Intervenção do Ministro do Trabalho, Solidariedade e Segurança Social no debate na generalidade do Orçamento do Estado para 2018

«Este orçamento é um orçamento de reforço do estado social.

De reforço claro e inequívoco da proteção social.

Reforço que para nós tem de ser entendido, nas suas dimensões fundamentais, na melhoria da eficácia das políticas públicas e na defesa da sua sustentabilidade.

As políticas sociais exigem esse duplo critério de credibilidade: de melhorarem as condições de vida e de bem-estar dos cidadãos, especialmente dos mais frágeis, e de garantirem um horizonte de estabilidade e de segurança no médio e longo prazo.

Mas esta construção, exigente e complexa, depende fortemente da concretização dum pilar primeiro de todas as políticas sociais - o da criação de emprego, o da redução do desemprego, o da criação de confiança sobre o desenvolvimento do mercado de trabalho.

E os dados, desse ponto de vista, são indiscutíveis e resistem a qualquer mau estar das oposições.

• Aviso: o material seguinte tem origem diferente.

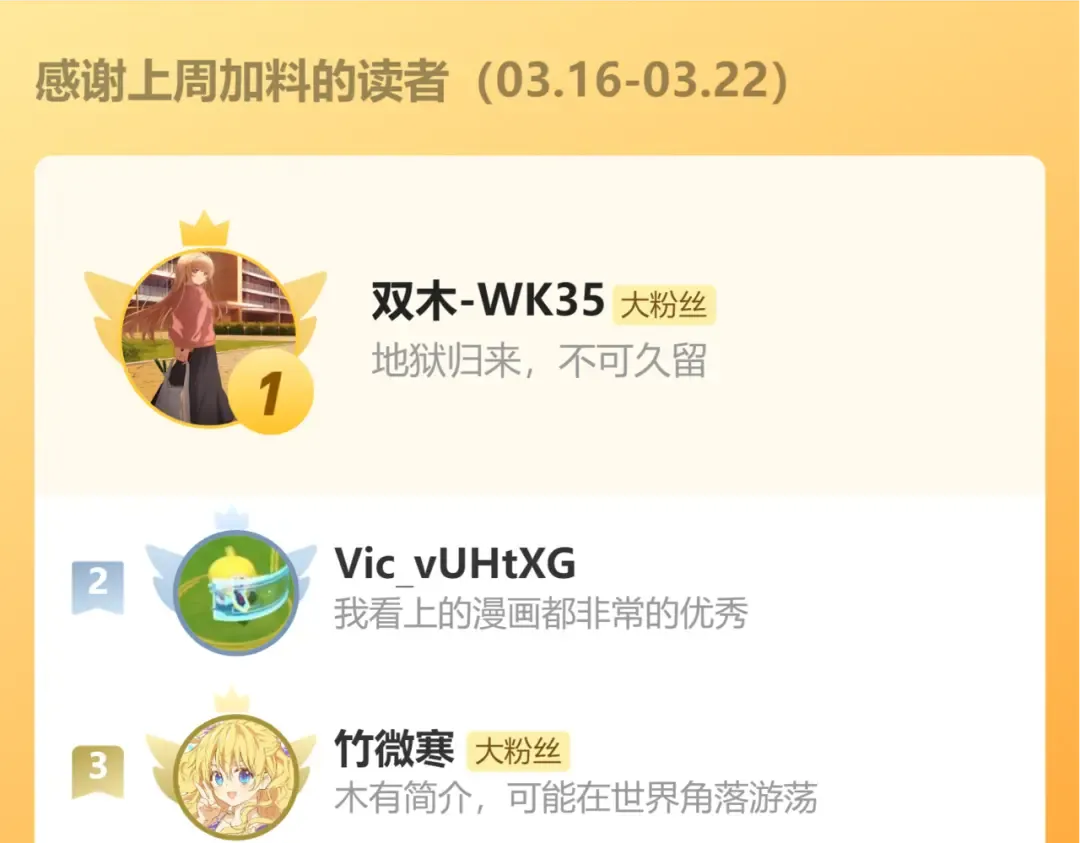 第421话 约会 第91页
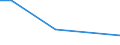 CN 84831060 /Exports /Unit = Prices (Euro/ton) /Partner: Syria /Reporter: European Union /84831060:Articulated Shafts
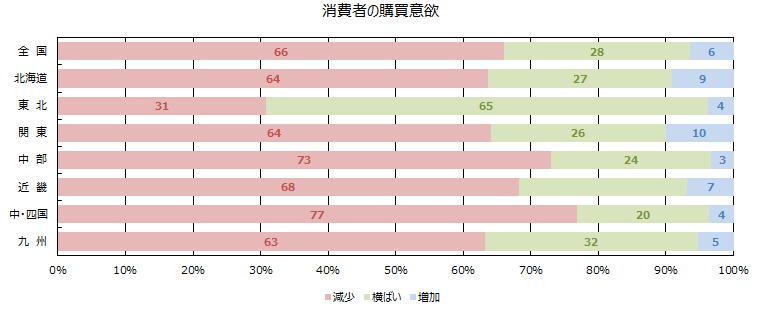 消費者の購買意欲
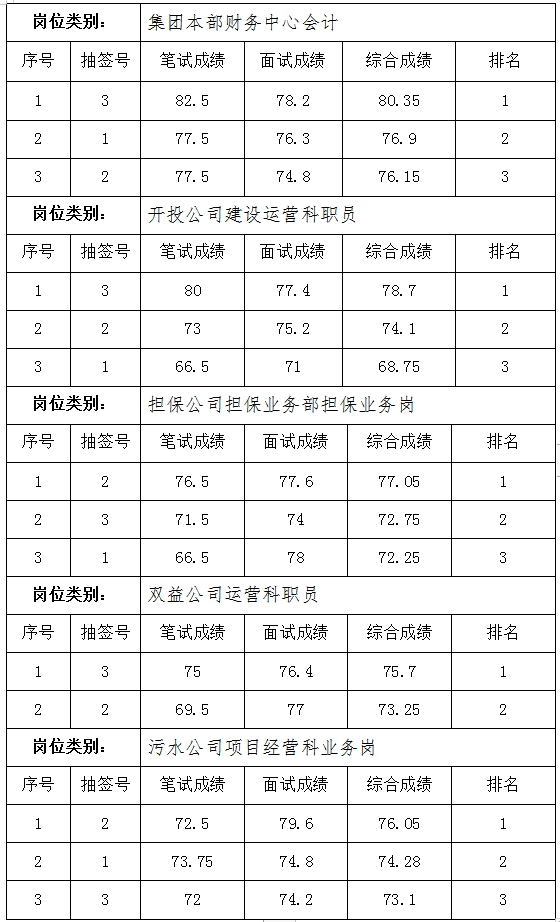 黄山市徽州ag尊龙z6mg投资集团有限公司招聘工作人员成绩公示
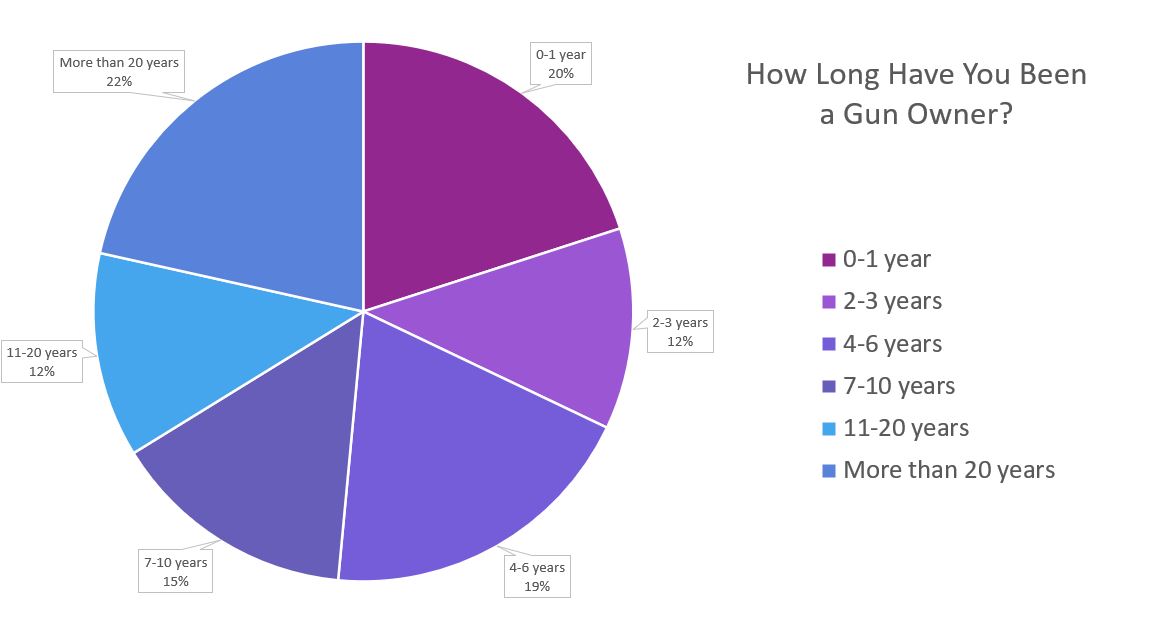 Woman Gun Owner Gun Ownership length 2020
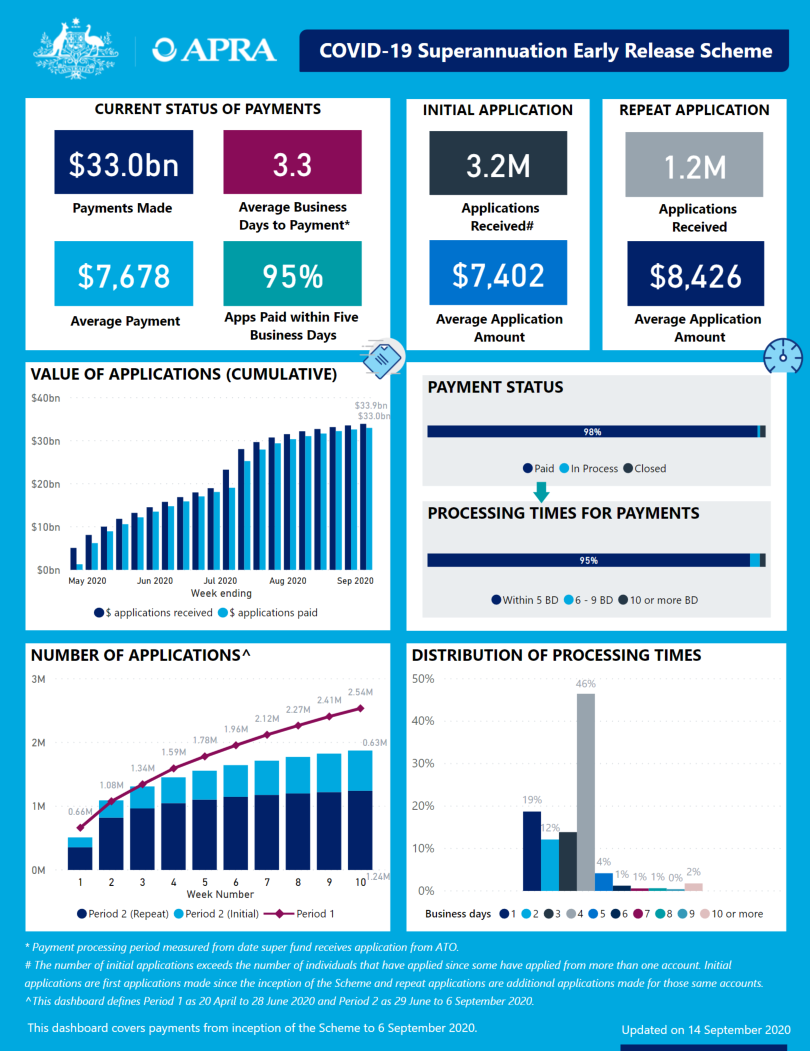 An accessible version of the dashboard is available at https://www.apra.gov.au/covid-19-early-release-scheme-issue-20-accessible-version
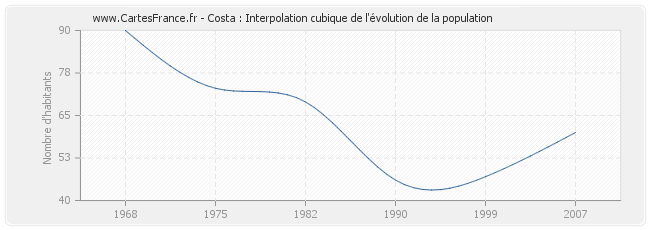 Costa : Interpolation cubique de l'évolution de la population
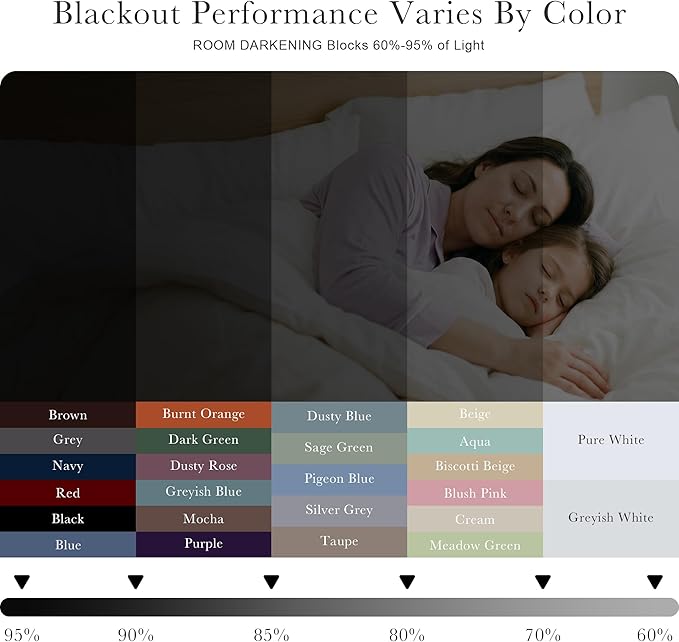 PONY DANCE Blackout Curtains for Bedroom, Room Darkening 96 inch Curtains 2 Panel Set, Thermal Insulated Drapes for Living Room Window Treatment, Back Tab/Rod Pocket, 52 x 96 Inch, Silver Grey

Desde Dezembro de 2015 o emprego cresceu 227,5 mil postos de trabalho;

O desemprego tem o seu valor mais baixo desde 2004, e a taxa de desemprego tem o valor mais baixo desde junho de 2008;

Pela primeira vez desde 2008, a taxa de desemprego situou- se em junho de 2017, abaixo da média da zona euro;

O desemprego jovem fixou-se em agosto nos 24,8%, o valor mais baixo desde agosto de 2009.

A taxa de desemprego de longa duração situou-se nos 5,2% no 2º trimestre, descendo mais de dois pontos, em apenas um ano.

O emprego criado no último ano foi maioritariamente emprego duradouro, correspondendo este emprego a mais de 90% da criação líquida de emprego.

Estes dados são claramente, o resultado de novas opções, de novas políticas, e de uma nova confiança. São o mais importante resultado de uma mudança indiscutível, e são o sinal mais forte de que estamos a trilhar um novo caminho.»